Genomic investigation is playing an increasing role in the management of cystic kidney diseases, reflecting a broader shift towards precision medicine in Nephrology. Recent updates to the KDIGO Clinical Practice Guideline emphasize diagnostic genomics as a core component of Autosomal Dominant Polycystic Kidney Disease (ADPKD) care in particular, recognizing its utility across a range of clinical scenarios. Traditionally, diagnosis of ADPKD has been clinical, using age-dependent imaging criteria for at risk individuals via ultrasound and Magnetic Resonance Imaging (MRI). While these imaging modalities have good sensitivity, there are pitfalls in clinical diagnosis, particularly in patients with atypical clinical features, those without family history or those at a young age.
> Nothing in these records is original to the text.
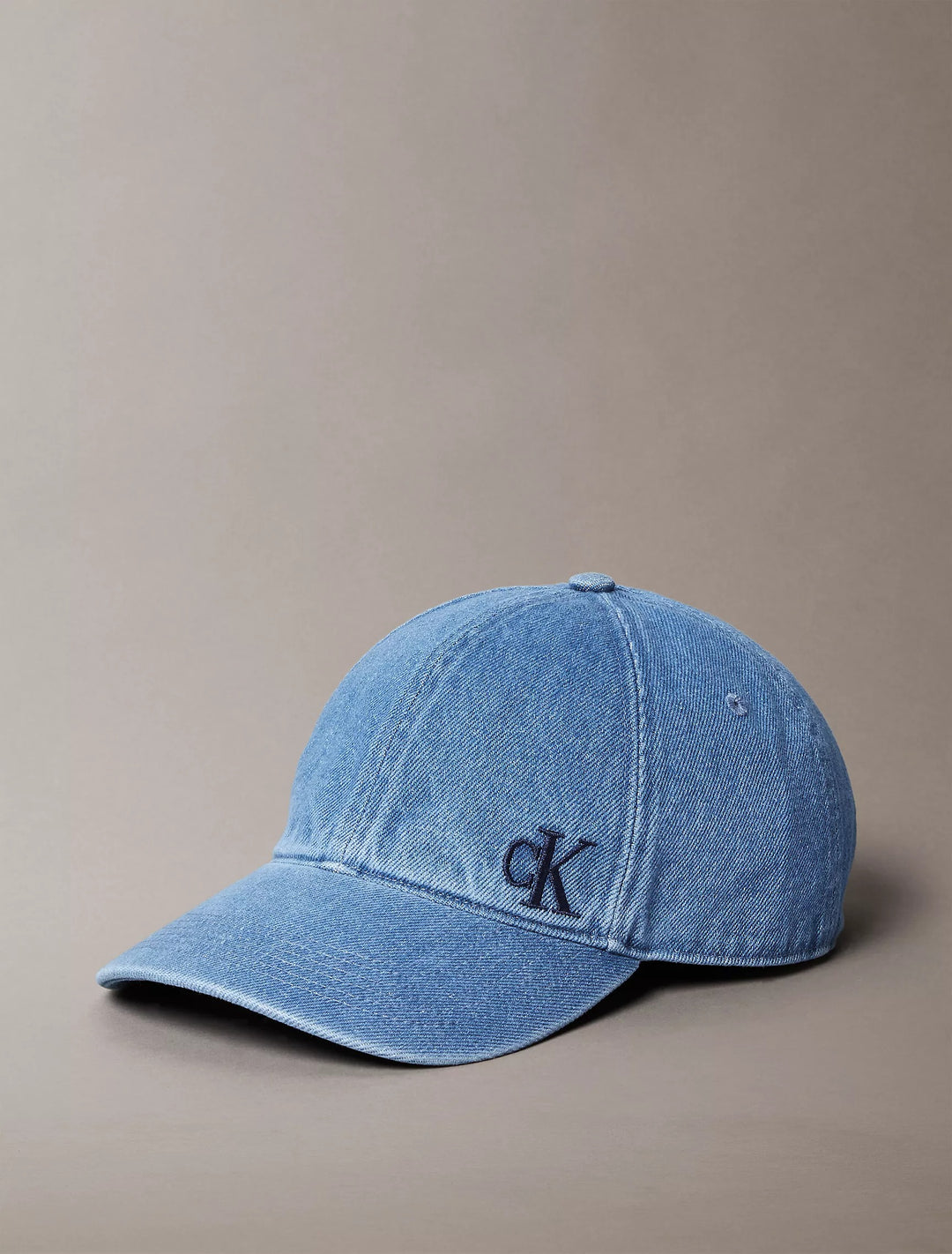 CK Mens P-Cap 4450064461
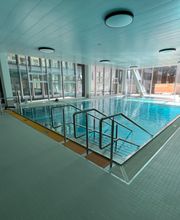 Wellness Engineering GmbH Bild 4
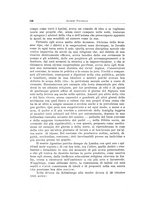 giornale/TO00185277/1931/unico/00000212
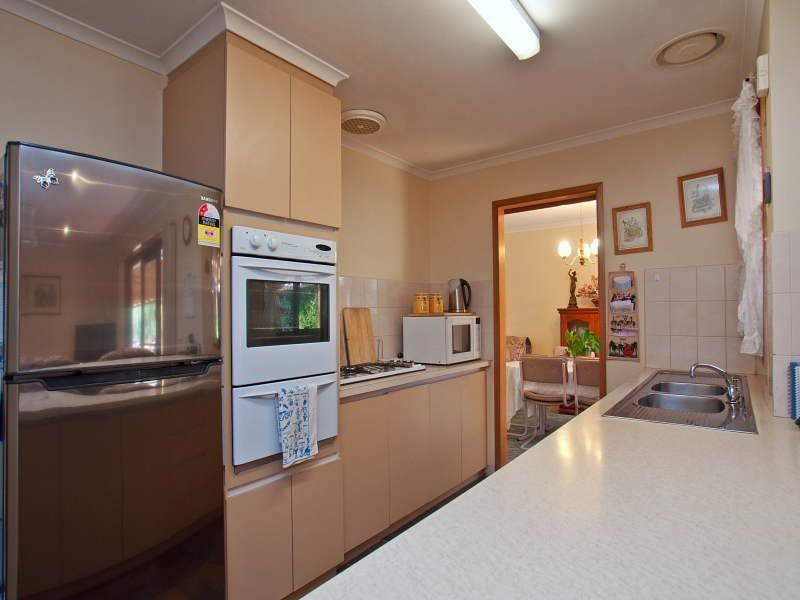 171 Centre Road, Langwarrin VIC 3910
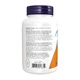 Омега-3 Now Foods (Omega-3 Mini) 180 мягких таблеток - изображение 3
A confirmed genetic diagnosis can guide screening of at-risk family members, inform reproductive decisions, support safe selection of living-related kidney donors and provide the opportunity to utilize genotype-specific prognostication tools. In addition, as genotype-specific therapies enter the landscape, accurate genotyping will become essential for identifying which patients will benefit from treatment. This narrative review aims to provide a practical approach for the general Nephrologist of when to offer genetic testing to patients with cystic kidney disease and outline the technical and genetic counselling considerations in the provision of patient-centered genetic investigation.